● WHAT IS BEING ASKED:
For every line in the material, output its text exactly and exclude any image it holds.

● DATA PROVIDED:
^^^^^^^^

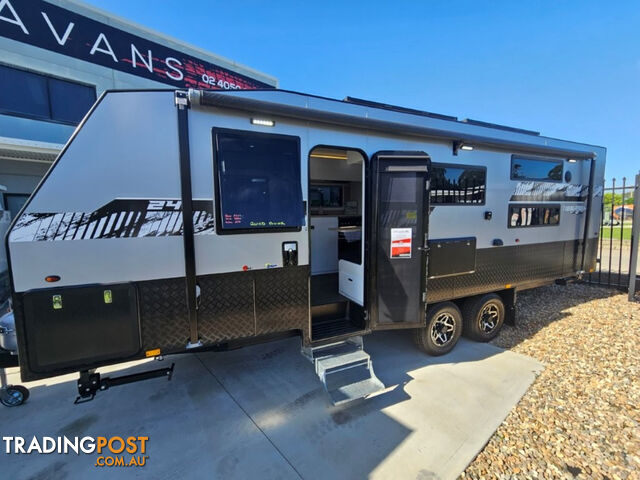 NETWORK RV 24' QUAD BUNK - photo 2 of 3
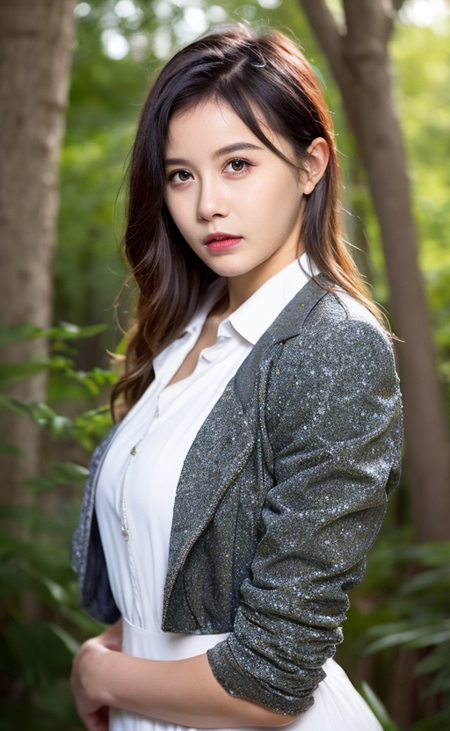 一个酷似段艺璇的前偶像 A woman who resembles Duanyixuan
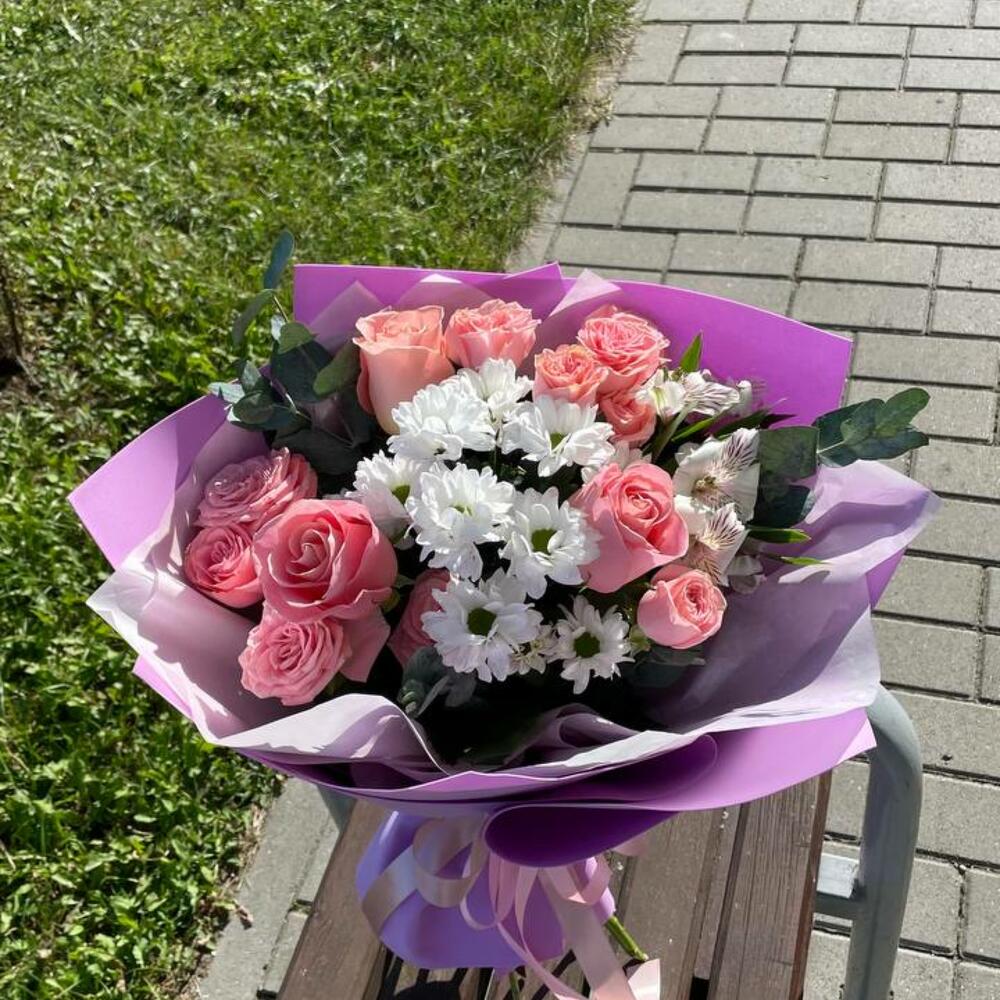 Букет 49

^^^^^^^^

● ANSWER SECTION:
 NETWORK RV 24' QUAD BUNK - photo 2 of 3
 一个酷似段艺璇的前偶像 A woman who resembles Duanyixuan
 Букет 49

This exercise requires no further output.